I Just Bought These 2 Guys Yesterday (Thursday) They Were $8.95 Each At The LFS. I'm Going To Try To Get Them To 5-6" As Soon As Possible To Get Into Slims' Tank..He's Already Got 4 Ranging From 5-9" Natts And 1 5" Caribe. He Wants To Spawn But Wants More..So These Lil Guys Better Grow Quickly!


----------



## B. Rodgers (Jan 20, 2005)

Also, One More Thing..They ARe In My New 75 Gallon Planted Tank...Tell Me What You Think Of It =)


----------



## B. Rodgers (Jan 20, 2005)

Sorry, I have to take pics with my digital camcorder snapshot...i should invest in a digital camera =)


----------



## Fido (May 21, 2003)

Sorry, i dunno if piranha are supposed to be cute...but nice buy!


----------



## stingray (Apr 2, 2004)

This are sweet little buggers , everytime nice to look when they are so young


----------



## jackburton (Nov 25, 2003)

thell be big in no time


----------



## Fresh2salt (Jul 16, 2004)

congrats on the new p's.


----------



## janus (Oct 28, 2004)

They have big bellies!

These little ones looking so cute!


----------



## 351winsor (Aug 3, 2004)

Tiny p's...not for long though.


----------



## renderstream (Apr 10, 2004)

Hm, are you sure that is P.Natteri?


----------



## B. Rodgers (Jan 20, 2005)

What Else Could They Be?


----------



## renderstream (Apr 10, 2004)

I have raised 4 rbp from basically a few day old fry, and they never looked like that.
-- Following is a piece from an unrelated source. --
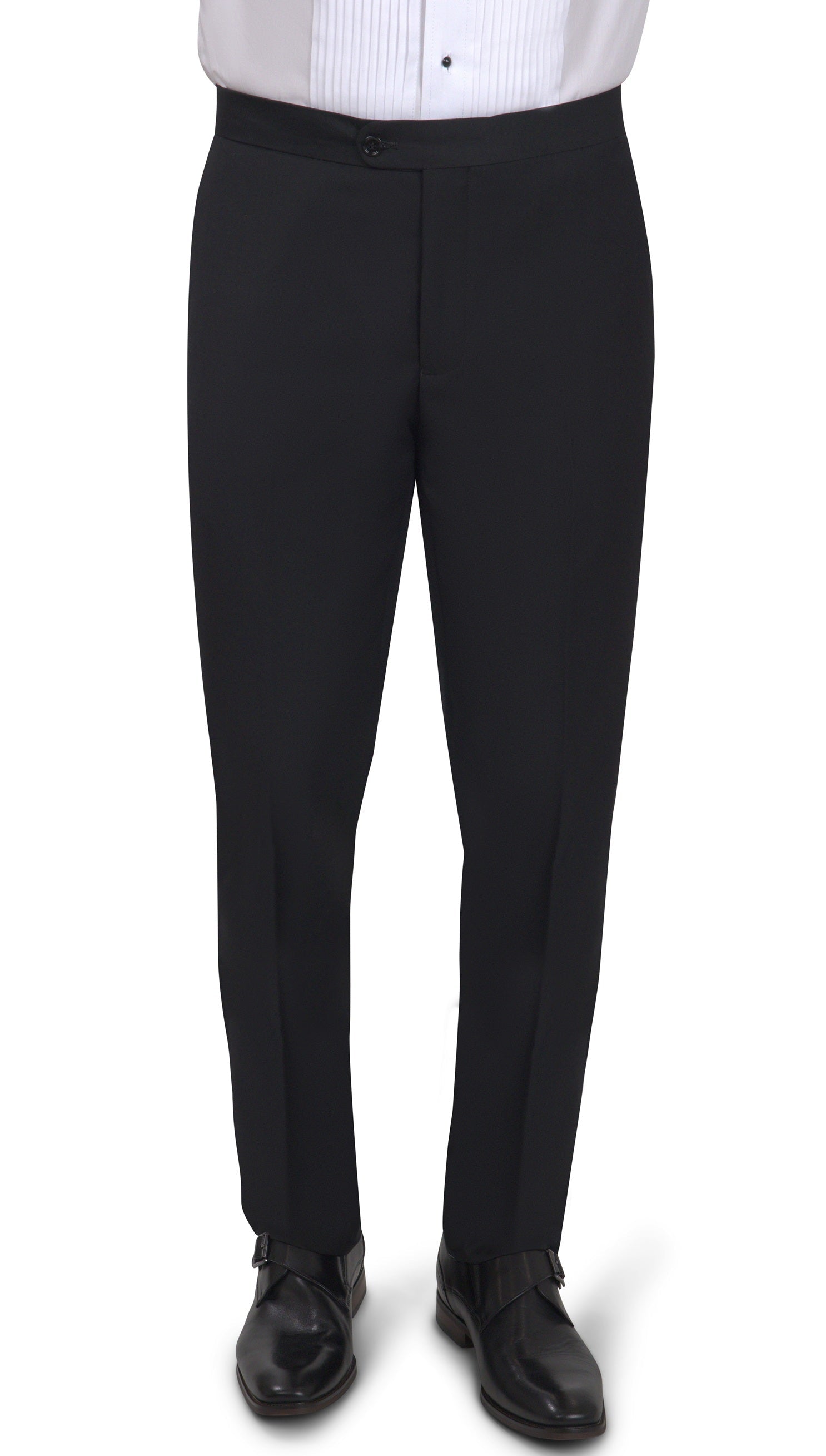 BERGAMO ELEGANT - A6732 Vested Peak Lapel Tuxedo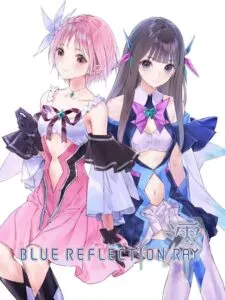 Blue Reflection Ray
Also, i thought they would have spots?


----------



## B. Rodgers (Jan 20, 2005)

the 12 i have now, i got from this guy 9 months ago about that same size..but i don't recall exactly what they looked like. I just took his word for it and all 12 turned out to be RBP's...I dunno about these guys...you think maybe they're not piranhas? or better yet...baby rhoms?

weee!


----------



## Ries (Mar 20, 2004)

sweet







and nice tank :nod:


----------



## B. Rodgers (Jan 20, 2005)

thankyou...but what do you think they are?


----------



## rbp 4 135 (Mar 2, 2004)

how big are they? that could help us figure out what they are.


----------



## fishofury (May 10, 2003)

Cute little P. Enjoy them while they are small because they grow super fast


----------



## renderstream (Apr 10, 2004)

Hi, honestly i do not know what they are. In my experience though, that doesnt look like a red belly. However, i could be wrong.


----------



## B. Rodgers (Jan 20, 2005)

they are about a 1/2"


----------